ACTIVITY: Repeat exactly the lines of the material below that run from the "邵佳一在德国的哪只球队?" line to the "High Waisted Jean" line, including both, and do not carry over any pictures.

INFORMATION:
# # #

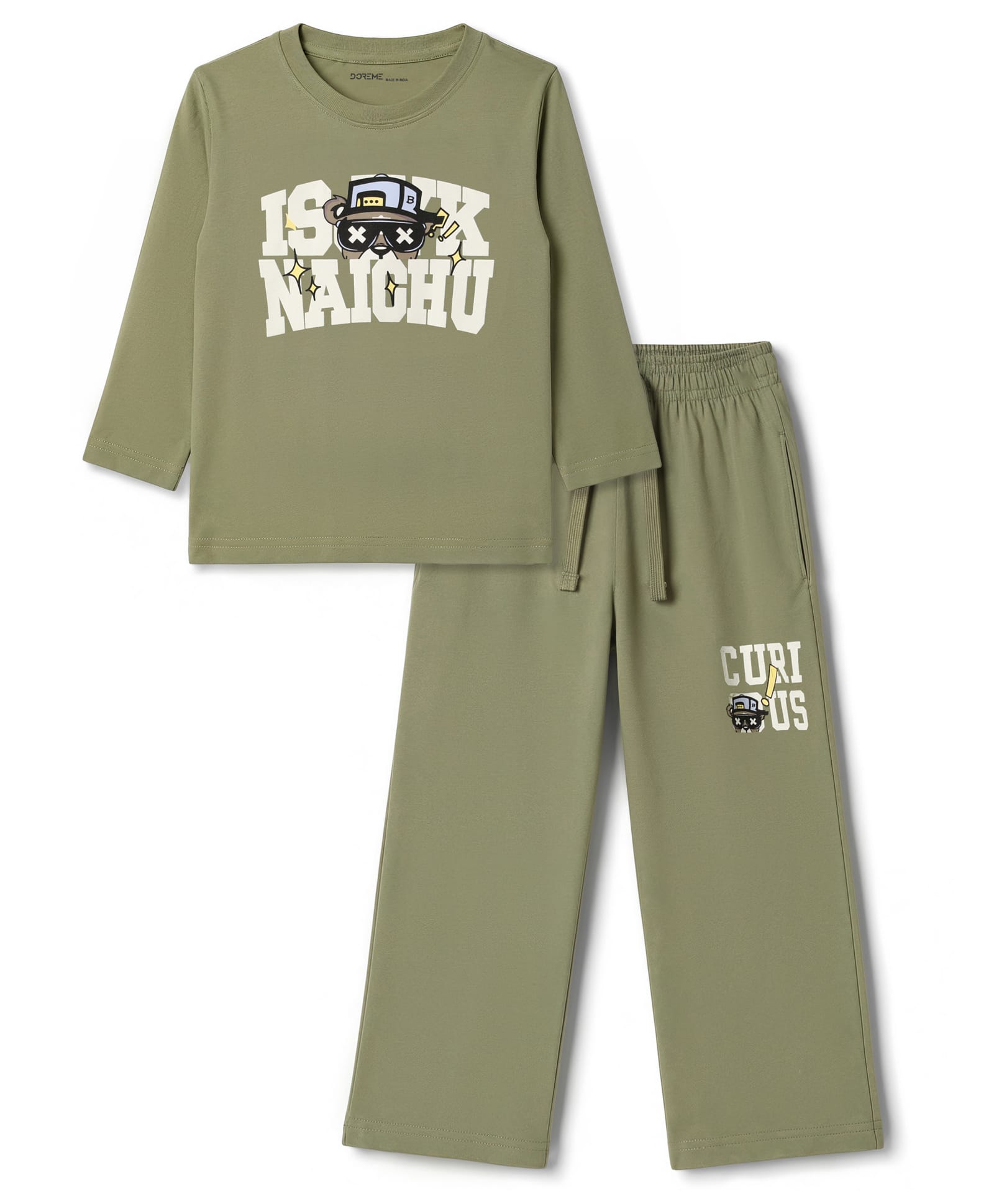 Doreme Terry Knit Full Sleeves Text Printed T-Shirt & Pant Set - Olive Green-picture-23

# # #

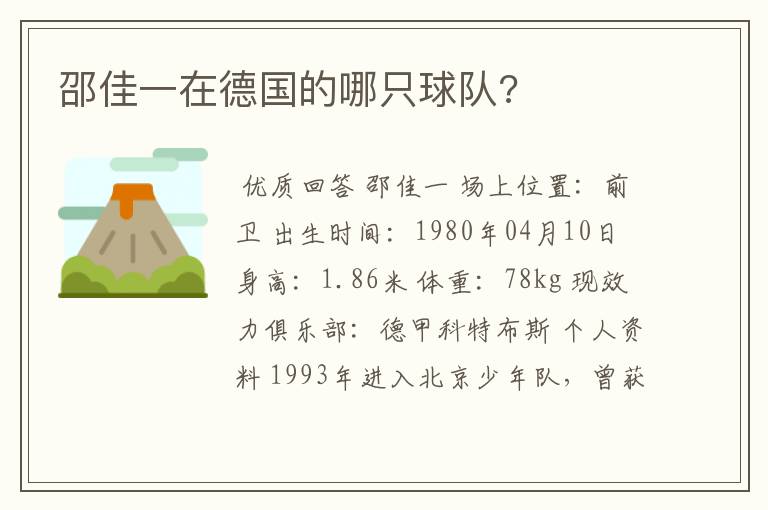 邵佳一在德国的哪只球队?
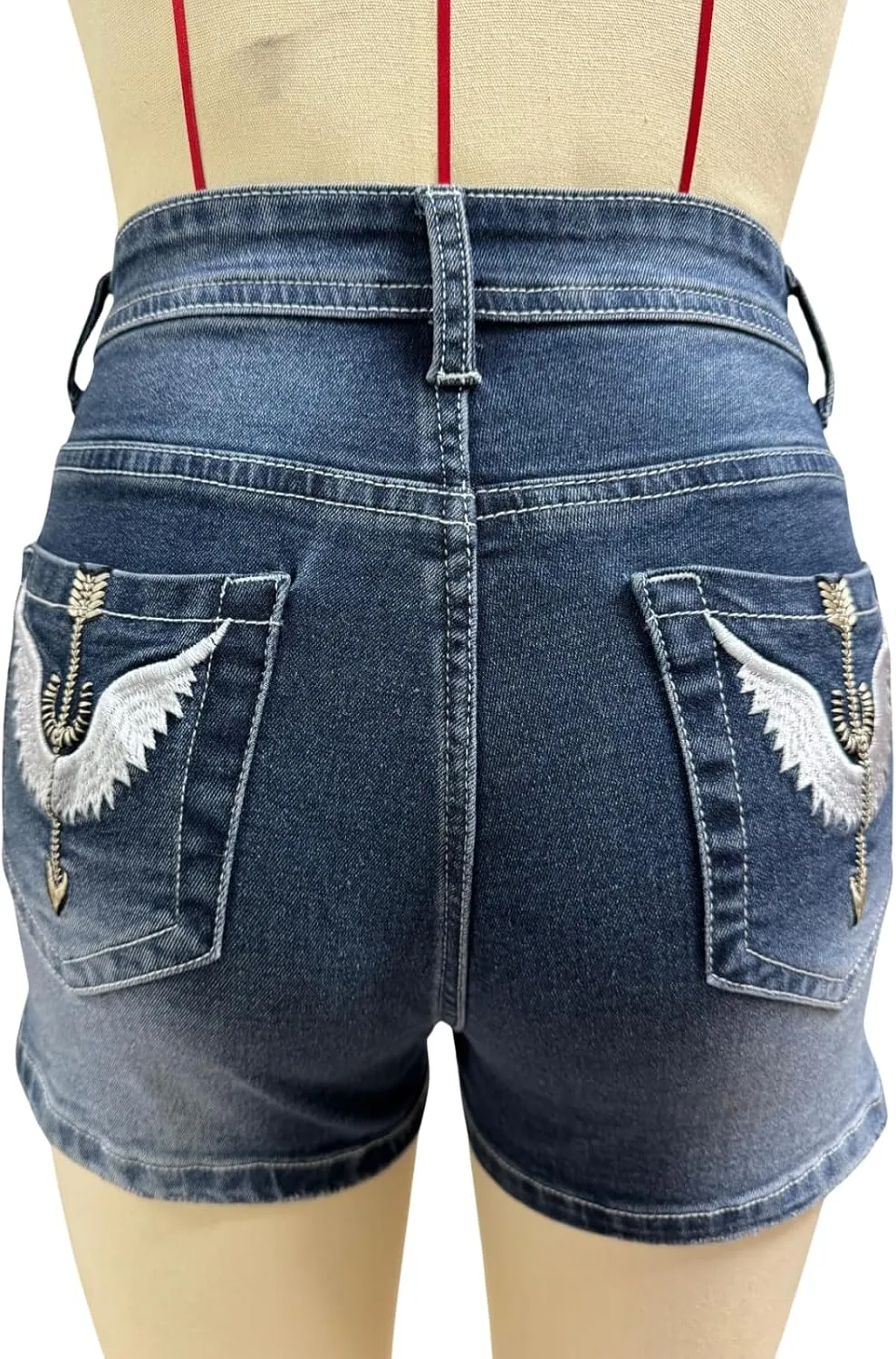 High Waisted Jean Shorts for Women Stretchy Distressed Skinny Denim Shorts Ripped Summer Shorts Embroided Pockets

# # #

RESULT OF THIS EXERCISE:
 邵佳一在德国的哪只球队?
 High Waisted Jean Shorts for Women Stretchy Distressed Skinny Denim Shorts Ripped Summer Shorts Embroided Pockets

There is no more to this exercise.